▸ **Prompt**
Show me each line of the listing below where the word "black" appears.

*** Records supplied ***

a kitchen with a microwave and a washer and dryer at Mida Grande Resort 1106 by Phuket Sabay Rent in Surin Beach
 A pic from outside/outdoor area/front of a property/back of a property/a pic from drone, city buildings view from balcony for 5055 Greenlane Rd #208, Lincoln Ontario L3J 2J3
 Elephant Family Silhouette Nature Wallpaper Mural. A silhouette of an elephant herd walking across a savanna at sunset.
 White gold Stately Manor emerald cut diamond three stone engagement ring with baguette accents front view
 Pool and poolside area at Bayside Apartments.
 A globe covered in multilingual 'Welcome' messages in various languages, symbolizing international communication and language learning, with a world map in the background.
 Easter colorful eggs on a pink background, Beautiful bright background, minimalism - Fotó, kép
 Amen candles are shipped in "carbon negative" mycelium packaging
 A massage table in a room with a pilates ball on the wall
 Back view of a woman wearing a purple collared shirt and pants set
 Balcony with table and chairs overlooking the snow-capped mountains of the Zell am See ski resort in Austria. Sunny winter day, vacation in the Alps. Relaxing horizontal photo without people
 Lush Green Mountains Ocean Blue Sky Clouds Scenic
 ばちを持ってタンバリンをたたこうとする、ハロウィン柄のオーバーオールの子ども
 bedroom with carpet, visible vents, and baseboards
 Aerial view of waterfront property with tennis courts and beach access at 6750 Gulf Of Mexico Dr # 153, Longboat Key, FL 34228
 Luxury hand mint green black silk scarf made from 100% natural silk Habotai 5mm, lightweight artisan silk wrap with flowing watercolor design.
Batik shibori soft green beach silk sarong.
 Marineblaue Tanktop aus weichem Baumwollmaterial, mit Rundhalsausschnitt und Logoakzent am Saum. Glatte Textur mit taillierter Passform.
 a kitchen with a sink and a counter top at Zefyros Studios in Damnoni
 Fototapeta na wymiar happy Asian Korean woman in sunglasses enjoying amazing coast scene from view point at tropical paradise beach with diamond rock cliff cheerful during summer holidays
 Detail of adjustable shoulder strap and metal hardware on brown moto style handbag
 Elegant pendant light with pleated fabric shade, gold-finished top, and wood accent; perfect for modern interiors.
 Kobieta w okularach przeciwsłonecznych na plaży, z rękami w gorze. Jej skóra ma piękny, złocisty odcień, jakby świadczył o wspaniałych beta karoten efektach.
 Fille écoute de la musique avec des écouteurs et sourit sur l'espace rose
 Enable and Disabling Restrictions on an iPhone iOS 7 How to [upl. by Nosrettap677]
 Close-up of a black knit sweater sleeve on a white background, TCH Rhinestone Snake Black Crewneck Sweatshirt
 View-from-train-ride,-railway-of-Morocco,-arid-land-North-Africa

*** End of Records supplied ***

▸ **Answer to the problem**
 Luxury hand mint green black silk scarf made from 100% natural silk Habotai 5mm, lightweight artisan silk wrap with flowing watercolor design.
 Close-up of a black knit sweater sleeve on a white background, TCH Rhinestone Snake Black Crewneck Sweatshirt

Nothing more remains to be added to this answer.